# [Your objective]
Copy each line in the data below that contains the word "Vương".

=== Records for the task ===

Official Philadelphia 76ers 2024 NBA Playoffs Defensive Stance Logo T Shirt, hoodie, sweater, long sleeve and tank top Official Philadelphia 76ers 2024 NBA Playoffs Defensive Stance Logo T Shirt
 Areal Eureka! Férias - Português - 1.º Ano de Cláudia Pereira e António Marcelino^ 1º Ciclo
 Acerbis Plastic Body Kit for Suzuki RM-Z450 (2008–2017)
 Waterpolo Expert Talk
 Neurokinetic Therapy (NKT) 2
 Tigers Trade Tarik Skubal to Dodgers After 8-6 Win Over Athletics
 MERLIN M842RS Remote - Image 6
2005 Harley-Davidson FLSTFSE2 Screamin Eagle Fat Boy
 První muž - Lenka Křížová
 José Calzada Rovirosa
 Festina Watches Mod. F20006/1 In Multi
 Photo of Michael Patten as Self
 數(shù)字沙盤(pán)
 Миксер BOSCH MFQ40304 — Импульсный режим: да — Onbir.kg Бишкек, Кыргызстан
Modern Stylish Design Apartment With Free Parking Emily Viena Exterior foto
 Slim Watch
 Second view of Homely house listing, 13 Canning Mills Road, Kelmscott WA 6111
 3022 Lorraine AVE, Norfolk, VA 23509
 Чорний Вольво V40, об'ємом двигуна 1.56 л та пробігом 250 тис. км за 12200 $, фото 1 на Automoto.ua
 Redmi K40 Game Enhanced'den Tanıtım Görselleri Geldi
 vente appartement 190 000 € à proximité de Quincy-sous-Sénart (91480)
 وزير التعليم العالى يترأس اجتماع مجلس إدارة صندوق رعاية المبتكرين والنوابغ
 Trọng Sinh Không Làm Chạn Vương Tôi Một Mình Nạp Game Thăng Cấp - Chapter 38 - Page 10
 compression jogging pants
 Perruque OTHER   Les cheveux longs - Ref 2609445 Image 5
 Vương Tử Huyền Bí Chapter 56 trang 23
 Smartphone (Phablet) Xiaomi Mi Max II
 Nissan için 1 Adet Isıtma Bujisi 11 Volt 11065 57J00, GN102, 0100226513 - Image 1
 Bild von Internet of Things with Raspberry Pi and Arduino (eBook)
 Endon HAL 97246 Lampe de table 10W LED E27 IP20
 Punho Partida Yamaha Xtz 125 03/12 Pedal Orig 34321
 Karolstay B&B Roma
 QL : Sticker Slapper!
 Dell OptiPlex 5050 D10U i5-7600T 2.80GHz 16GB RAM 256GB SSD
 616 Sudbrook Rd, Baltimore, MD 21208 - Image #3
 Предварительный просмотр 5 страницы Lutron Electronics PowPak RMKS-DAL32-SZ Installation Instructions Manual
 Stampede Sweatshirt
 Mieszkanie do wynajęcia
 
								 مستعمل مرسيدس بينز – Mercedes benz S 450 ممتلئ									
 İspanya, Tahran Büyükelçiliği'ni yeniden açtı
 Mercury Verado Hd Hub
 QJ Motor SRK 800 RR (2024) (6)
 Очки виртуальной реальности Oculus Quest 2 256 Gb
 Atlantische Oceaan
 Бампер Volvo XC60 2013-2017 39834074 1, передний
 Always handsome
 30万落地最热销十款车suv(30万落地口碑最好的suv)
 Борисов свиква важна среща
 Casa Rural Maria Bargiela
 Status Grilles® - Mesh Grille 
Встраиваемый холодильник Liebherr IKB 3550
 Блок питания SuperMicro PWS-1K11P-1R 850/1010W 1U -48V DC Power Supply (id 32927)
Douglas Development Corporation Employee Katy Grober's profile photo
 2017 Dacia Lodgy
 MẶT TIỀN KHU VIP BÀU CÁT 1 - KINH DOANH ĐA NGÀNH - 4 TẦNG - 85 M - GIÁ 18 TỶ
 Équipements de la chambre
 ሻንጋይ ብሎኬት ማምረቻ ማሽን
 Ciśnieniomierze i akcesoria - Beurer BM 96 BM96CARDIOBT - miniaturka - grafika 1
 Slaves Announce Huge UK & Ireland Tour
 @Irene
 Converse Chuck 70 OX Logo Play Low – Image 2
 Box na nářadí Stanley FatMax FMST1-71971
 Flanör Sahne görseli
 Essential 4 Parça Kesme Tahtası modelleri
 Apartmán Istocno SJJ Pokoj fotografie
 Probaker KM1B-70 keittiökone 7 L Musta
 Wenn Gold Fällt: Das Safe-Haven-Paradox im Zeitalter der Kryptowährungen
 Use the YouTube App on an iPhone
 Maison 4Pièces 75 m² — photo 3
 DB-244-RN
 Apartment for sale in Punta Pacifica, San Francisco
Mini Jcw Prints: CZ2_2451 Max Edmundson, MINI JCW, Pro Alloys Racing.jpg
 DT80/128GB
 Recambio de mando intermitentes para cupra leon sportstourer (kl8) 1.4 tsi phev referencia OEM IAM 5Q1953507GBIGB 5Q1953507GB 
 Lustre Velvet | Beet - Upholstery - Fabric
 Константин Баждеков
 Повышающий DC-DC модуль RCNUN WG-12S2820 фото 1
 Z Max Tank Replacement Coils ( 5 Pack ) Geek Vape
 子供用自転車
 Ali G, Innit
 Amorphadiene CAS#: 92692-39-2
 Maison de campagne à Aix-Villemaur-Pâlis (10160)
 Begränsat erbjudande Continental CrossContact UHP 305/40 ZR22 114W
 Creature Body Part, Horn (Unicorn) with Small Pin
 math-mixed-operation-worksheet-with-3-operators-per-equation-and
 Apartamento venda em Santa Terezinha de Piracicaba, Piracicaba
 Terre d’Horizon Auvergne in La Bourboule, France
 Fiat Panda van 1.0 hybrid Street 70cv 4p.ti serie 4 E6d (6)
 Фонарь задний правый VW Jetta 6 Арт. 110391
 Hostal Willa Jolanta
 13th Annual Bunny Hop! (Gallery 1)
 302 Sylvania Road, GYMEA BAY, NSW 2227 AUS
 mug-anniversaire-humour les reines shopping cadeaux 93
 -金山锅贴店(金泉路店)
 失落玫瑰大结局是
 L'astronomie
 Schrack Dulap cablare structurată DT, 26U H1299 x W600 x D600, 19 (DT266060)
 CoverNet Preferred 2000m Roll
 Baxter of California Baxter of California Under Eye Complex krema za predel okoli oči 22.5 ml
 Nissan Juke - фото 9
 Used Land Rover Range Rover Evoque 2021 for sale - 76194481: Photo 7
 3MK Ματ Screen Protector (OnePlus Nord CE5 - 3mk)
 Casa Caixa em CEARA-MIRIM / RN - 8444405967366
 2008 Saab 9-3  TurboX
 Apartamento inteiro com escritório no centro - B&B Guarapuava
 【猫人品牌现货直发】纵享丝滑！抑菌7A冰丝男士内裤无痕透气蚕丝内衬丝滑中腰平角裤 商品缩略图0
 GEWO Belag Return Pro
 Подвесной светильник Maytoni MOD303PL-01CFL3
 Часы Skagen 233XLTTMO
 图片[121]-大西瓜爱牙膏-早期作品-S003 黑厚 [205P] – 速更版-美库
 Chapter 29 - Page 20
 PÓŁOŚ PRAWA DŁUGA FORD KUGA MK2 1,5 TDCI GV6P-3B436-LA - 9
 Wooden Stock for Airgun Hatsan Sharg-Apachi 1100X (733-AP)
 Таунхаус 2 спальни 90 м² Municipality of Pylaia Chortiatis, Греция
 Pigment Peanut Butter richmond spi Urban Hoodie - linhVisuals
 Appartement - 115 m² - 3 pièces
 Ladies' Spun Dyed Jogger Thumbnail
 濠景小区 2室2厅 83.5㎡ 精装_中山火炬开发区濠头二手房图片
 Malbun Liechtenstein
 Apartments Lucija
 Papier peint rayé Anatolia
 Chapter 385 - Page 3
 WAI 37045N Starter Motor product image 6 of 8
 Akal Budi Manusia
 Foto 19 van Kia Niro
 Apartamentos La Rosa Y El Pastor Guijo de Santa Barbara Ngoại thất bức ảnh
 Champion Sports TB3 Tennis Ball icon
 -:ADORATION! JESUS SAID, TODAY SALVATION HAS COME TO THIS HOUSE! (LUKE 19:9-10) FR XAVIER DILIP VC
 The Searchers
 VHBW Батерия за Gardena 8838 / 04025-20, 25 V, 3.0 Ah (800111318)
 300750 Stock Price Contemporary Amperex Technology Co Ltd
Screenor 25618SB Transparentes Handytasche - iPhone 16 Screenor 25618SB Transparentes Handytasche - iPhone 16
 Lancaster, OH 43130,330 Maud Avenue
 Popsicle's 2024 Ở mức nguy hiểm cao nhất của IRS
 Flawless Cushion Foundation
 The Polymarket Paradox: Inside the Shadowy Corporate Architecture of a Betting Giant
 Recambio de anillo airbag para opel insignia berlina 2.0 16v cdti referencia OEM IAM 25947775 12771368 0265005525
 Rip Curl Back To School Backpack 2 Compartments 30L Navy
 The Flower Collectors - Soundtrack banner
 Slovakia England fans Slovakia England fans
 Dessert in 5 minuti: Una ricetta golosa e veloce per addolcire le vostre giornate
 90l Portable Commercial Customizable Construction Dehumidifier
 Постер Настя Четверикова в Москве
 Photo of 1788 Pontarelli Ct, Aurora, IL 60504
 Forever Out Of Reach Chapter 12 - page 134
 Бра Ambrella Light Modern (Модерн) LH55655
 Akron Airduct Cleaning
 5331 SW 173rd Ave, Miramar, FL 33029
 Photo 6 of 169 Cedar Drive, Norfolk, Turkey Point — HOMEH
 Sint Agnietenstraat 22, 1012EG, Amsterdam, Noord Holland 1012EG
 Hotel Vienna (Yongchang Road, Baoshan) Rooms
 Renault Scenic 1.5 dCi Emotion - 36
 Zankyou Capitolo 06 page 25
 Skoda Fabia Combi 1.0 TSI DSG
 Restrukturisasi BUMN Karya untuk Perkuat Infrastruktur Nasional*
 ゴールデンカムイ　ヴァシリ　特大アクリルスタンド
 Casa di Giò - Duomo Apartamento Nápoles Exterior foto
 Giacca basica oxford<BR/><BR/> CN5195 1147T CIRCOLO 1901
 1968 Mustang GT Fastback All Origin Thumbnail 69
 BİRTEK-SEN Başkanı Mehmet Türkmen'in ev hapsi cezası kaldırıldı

===

# [Answer to this exercise]
 Trọng Sinh Không Làm Chạn Vương Tôi Một Mình Nạp Game Thăng Cấp - Chapter 38 - Page 10
 Vương Tử Huyền Bí Chapter 56 trang 23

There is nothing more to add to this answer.